Work instructions — In the entries below, which lines run from the one containing "एमालेमा प्रवेश गरेका" to the one containing "В честь Всероссийского"? Copy exactly those lines, ends included, and no others.

Excerpted data —
┄┄┄┄┄┄
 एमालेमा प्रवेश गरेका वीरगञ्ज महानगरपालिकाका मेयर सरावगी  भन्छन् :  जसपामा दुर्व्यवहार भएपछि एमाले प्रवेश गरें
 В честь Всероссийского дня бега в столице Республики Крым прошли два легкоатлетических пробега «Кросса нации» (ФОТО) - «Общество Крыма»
┄┄┄┄┄┄
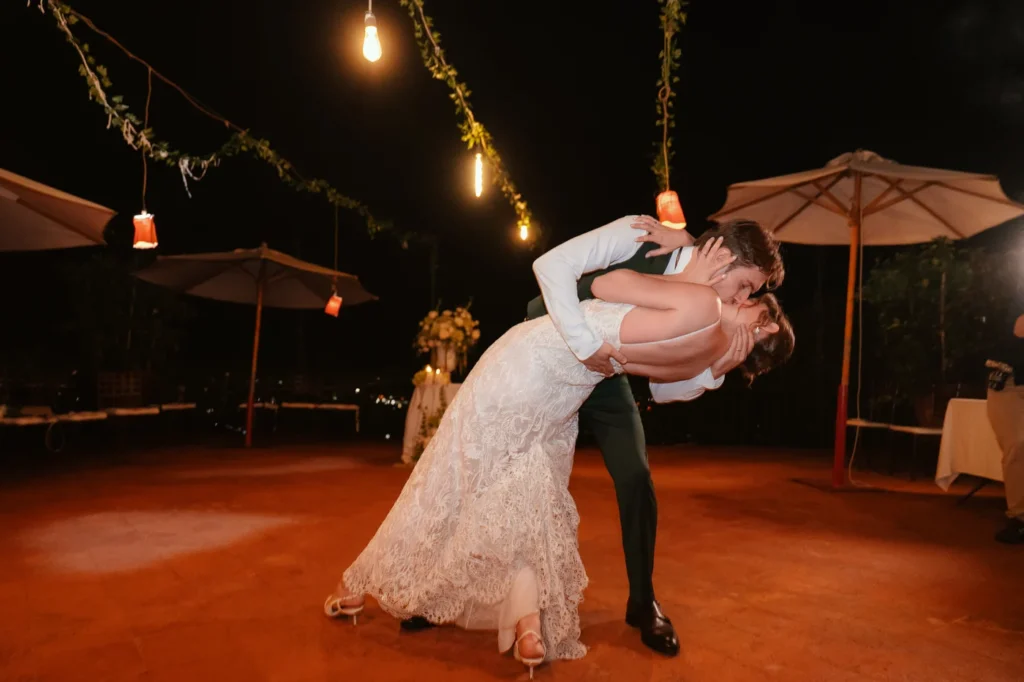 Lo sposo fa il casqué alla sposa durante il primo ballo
┄┄┄┄┄┄
Response —
 एमालेमा प्रवेश गरेका वीरगञ्ज महानगरपालिकाका मेयर सरावगी  भन्छन् :  जसपामा दुर्व्यवहार भएपछि एमाले प्रवेश गरें
 В честь Всероссийского дня бега в столице Республики Крым прошли два легкоатлетических пробега «Кросса нации» (ФОТО) - «Общество Крыма»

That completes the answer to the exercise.